## Your assignment
Copy the records below exactly, starting at the line that contains "3181 Set Of" and ending at the line that contains "thiết kế căn hộ đẹp 3 phòng ngủ"; leave out any pictures.

START Data supplied

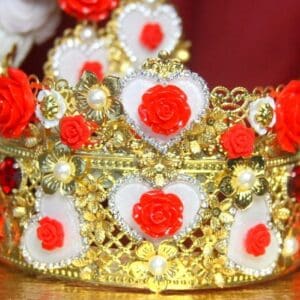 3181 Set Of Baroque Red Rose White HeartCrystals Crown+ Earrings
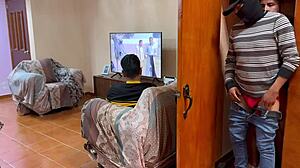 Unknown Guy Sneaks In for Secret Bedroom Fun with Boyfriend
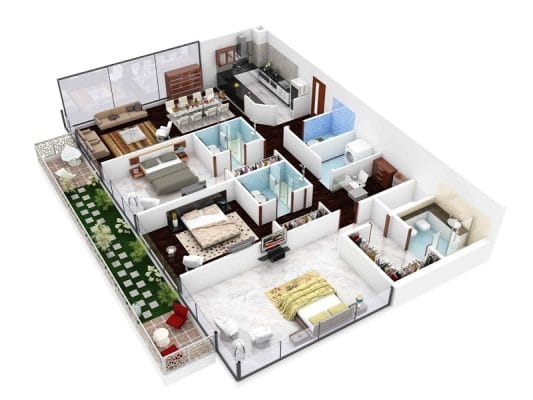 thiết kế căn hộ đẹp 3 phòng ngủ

END Data supplied
START Data supplied

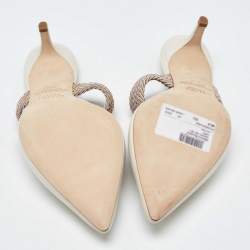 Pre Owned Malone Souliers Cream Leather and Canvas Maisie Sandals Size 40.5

END Data supplied
START Data supplied

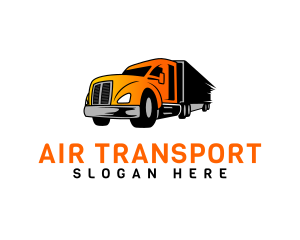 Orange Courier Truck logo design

END Data supplied

## Exercise response
 3181 Set Of Baroque Red Rose White HeartCrystals Crown+ Earrings
 Unknown Guy Sneaks In for Secret Bedroom Fun with Boyfriend
 thiết kế căn hộ đẹp 3 phòng ngủ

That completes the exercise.